• Records shown:
────

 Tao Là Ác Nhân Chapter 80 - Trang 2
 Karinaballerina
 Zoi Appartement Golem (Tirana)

────

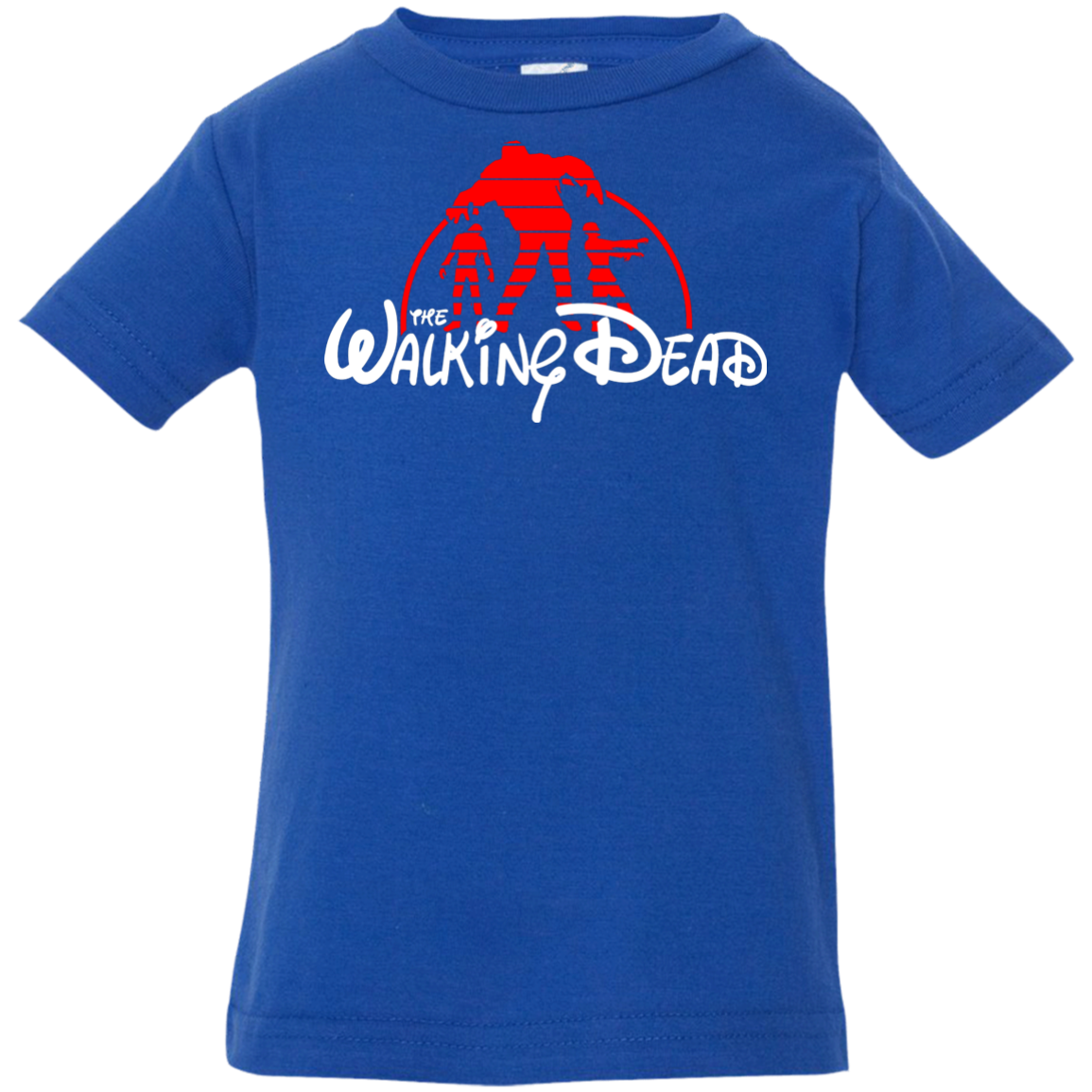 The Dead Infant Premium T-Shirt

────

• About this exercise: Of all the entries above, output exactly the lines between the one holding "Tao Là Ác Nhân Chapter 80 - Trang 2" and the one holding "Zoi Appartement Golem (Tirana)", inclusive.

• Answer:
 Tao Là Ác Nhân Chapter 80 - Trang 2
 Karinaballerina
 Zoi Appartement Golem (Tirana)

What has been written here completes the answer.